Desde comienzos de la
transición política española, todo ministro de Asuntos Exteriores ha tenido
que caminar sufriendo en sus zapatos los efectos de tres molestos clavos.
Tienen nombres propios: Gibraltar, Marruecos y Sahara Occidental.
Los
dos primeros son herencia de la Historia. El tercero nació con la
transición. Los tres parecen impedir que la política exterior española se
mueva con la agilidad, la iniciativa y la firmeza que serían deseables para
un país que no se conforma con estar en uno de los últimos puestos de la
nueva Europa.
Agilidad,
iniciativa y firmeza que tampoco parecen ser cualidades personales que
adornen, en grado deseable, a la actual titular de la cartera. Con ese
molesto lastre, la política exterior española busca éxitos en otros campos,
a veces con fines simplemente electorales.
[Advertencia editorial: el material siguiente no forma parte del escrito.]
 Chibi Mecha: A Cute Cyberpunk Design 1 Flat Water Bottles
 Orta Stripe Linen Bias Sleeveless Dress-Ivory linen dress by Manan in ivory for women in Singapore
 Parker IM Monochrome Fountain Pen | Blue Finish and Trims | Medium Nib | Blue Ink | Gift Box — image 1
Así, de muy poco sirve
participar militarmente en misiones de pacificación balcánica o afgana, o
en patrullas navales por los mares de Oriente; contribuir a las bases
teóricas de la nueva Europa; organizar y participar en evanescentes
conferencias con los dirigentes de los países latinoamericanos; apoyar
incondicionalmente los delirios bélicos de la Casa Blanca y otras aventuras
en escenarios foráneos, mientras sigan sin ser resueltos los tres
principales retos que obstaculizan la necesaria fluidez de la presencia de
España en su propio espacio geoestratégico.
Si
en La Habana se dice que Guantánamo es la espina clavada en el costado de
la hermana Cuba, Gibraltar es lo mismo en España. Por mucha retórica
anticolonialista que desde Madrid se airee de cuando en cuando
("última colonia europea", "colonización de un país europeo
por otro"), la población gibraltareña sigue estando allí, no da su
brazo a torcer y prefiere seguir conservando su propio statu quo.
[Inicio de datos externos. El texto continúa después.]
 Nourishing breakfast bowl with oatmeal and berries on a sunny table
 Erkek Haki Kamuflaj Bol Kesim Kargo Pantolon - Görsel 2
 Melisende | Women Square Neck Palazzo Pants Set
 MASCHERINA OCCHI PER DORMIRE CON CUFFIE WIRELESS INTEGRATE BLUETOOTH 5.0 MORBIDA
Pero hay otra cuestión. Si se levanta la tapa de la olla gibraltareña,
pueden surgir peligrosas amenazas. A pesar de las notables diferencias —jurídicas e históricas— que existen entre el caso
gibraltareño y la situación de Ceuta y Melilla, no todas las cancillerías
del mundo se esfuerzan por entenderlas. La reintegración de Gibraltar a
España podría producir perniciosos efectos secundarios en las dos ciudades
hispanoafricanas.
Es
también retórica la vieja frase acuñada de que "España y Marruecos
están condenados a entenderse", pensando que ese entendimiento surgirá
de la nada por la acción de un ignoto imperativo supremo. A lo largo de su
historia ambos países se han entendido, por lo general, mediante la guerra.
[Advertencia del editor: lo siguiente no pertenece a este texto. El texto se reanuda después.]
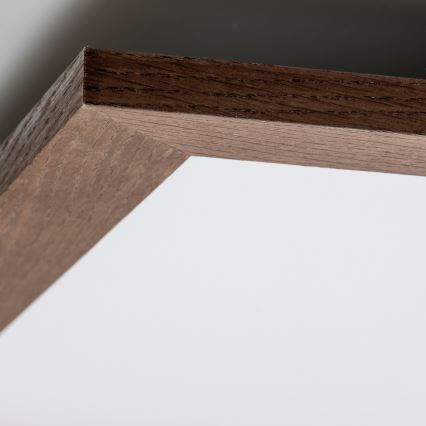 Brilagi - Plafón LED regulable SLIMFRAME WOOD LED/58W/230V 64x64 cm 3000-6000K marón oscuro + control remoto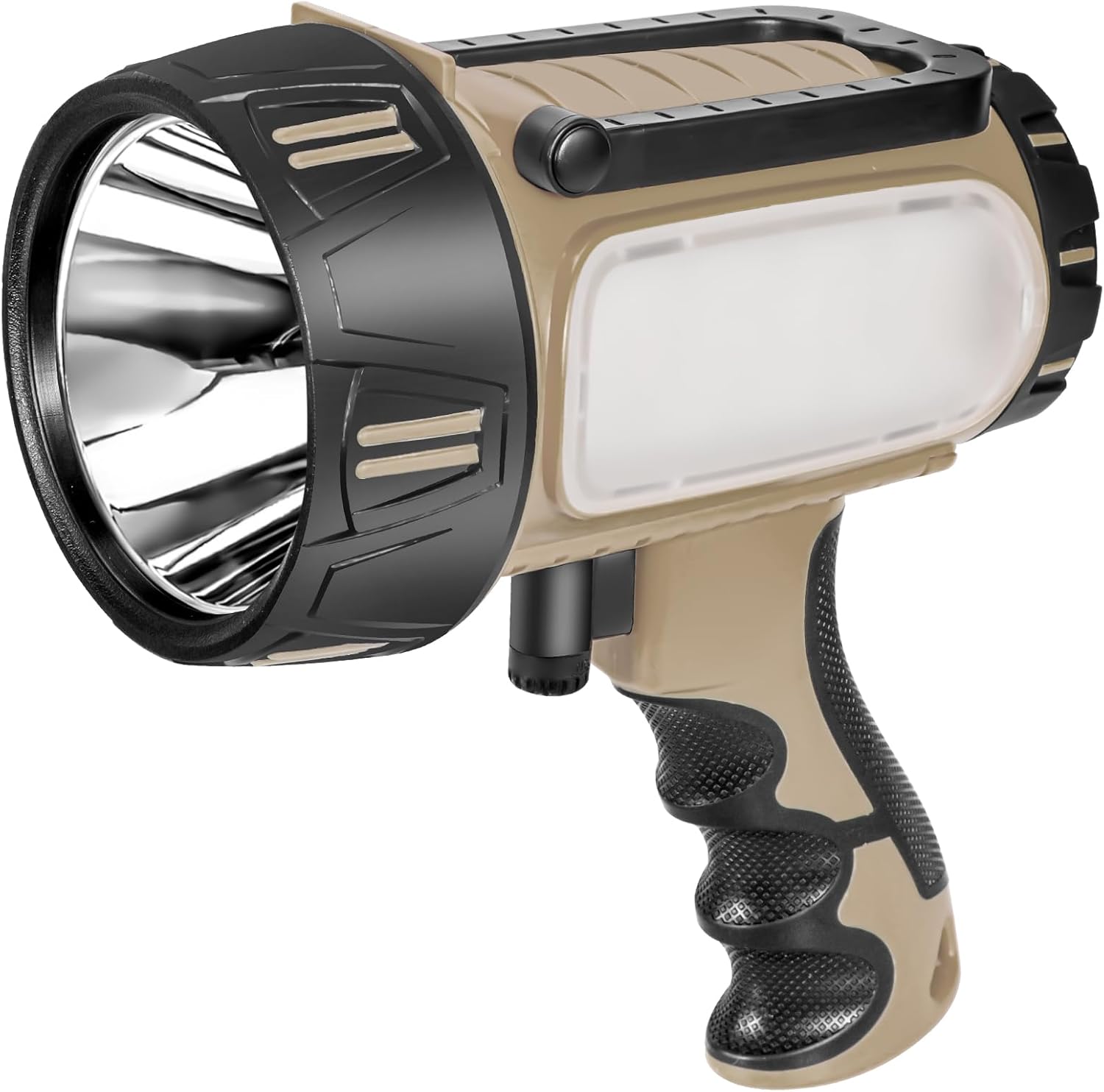 Super Bright Rechargeable Spotlight Flashlight High Lumens 10000mAh, Handheld LED Searchlight with Built-in Stand, 6 Light Modes & USB Output, Water-Resistant for Camping, Emergency & Outdoor Use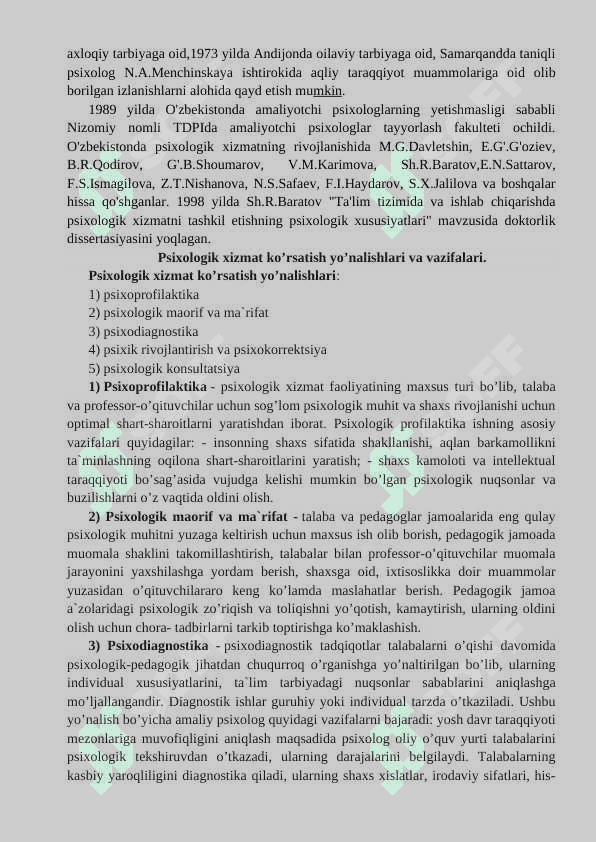 Psixologik xizmatni tashkil etish  -   КУРС ИШИ 8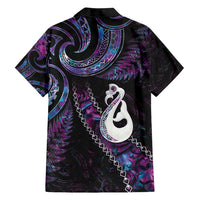 New Zealand Aotearoa Family Matching Off Shoulder Short Dress and Hawaiian Shirt Maori Manaia Paua Shell Glitter Purple LT05 - Polynesian Pride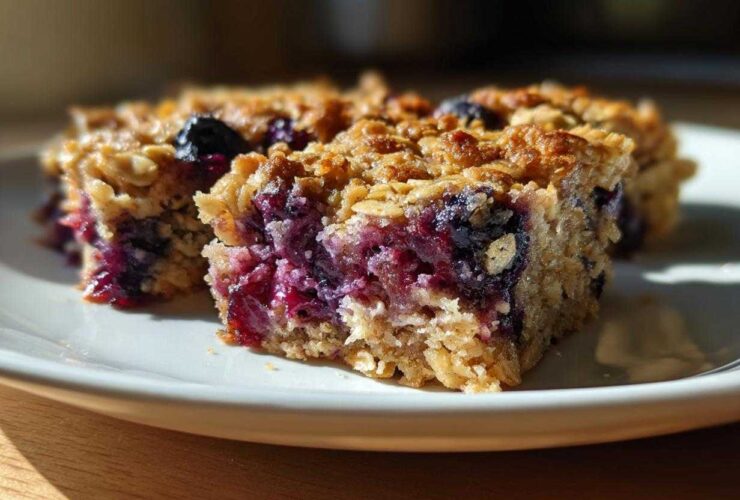 Two moist slices of Blueberry Baked Oatmeal Squares showing a rich layer of baked blueberries and an oat crumble topping.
También la retórica ha jugado su papel, aludiendo a unos imaginarios lazos
de hermandad entre ambos monarcas, que ahora serían de tío a sobrino. Entre
una democracia como la española, por imperfecta que sea todavía, y la
irreformable autocracia alauita, no puede haber muchos lazos. Aunque Rabat
tenga línea directa con Washington, donde nunca se han cuestionado las
relaciones con dictaduras impresentables, siempre que apoyen los intereses
de EEUU. Del mismo modo que los intereses económicos españoles en
Marruecos, que explotan su barata mano de obra, miran púdicamente hacia
otro lado para evitar ver la realidad del vecino país: hambre, emigración,
corrupción, desprecio a los derechos humanos y, en consecuencia, el habitual
peligro de un auge islamista que suele aparecer en tales circunstancias.
La población
saharaui, expulsada violentamente de su territorio por la ocupación
marroquí, ante la pasividad culpable de la España de 1975-76, tiene un
hueco inamovible en el corazón de la mayoría de los españoles. Este tercer
clavo en los zapatos de Ana Palacio es el que más duele estos días. Por dos
motivos: España es ahora miembro con derecho a voto en el Consejo de
Seguridad y la cuestión saharaui vuelve a recabar la atención de la ONU. La
capacidad de engaño y mixtificación de la organización internacional, al
menos en lo que al Sahara se refiere, se puso ya de manifiesto en la torpe
actuación de aquel secretario general que fue Pérez de Cuéllar. Ni el
Consejo de Seguridad es un órgano incorruptible ni sus decisiones se
ajustan siempre a la justicia y la ética. Pero hacen ley internacional y su
incumplimiento es sancionable (no siempre: véase Israel).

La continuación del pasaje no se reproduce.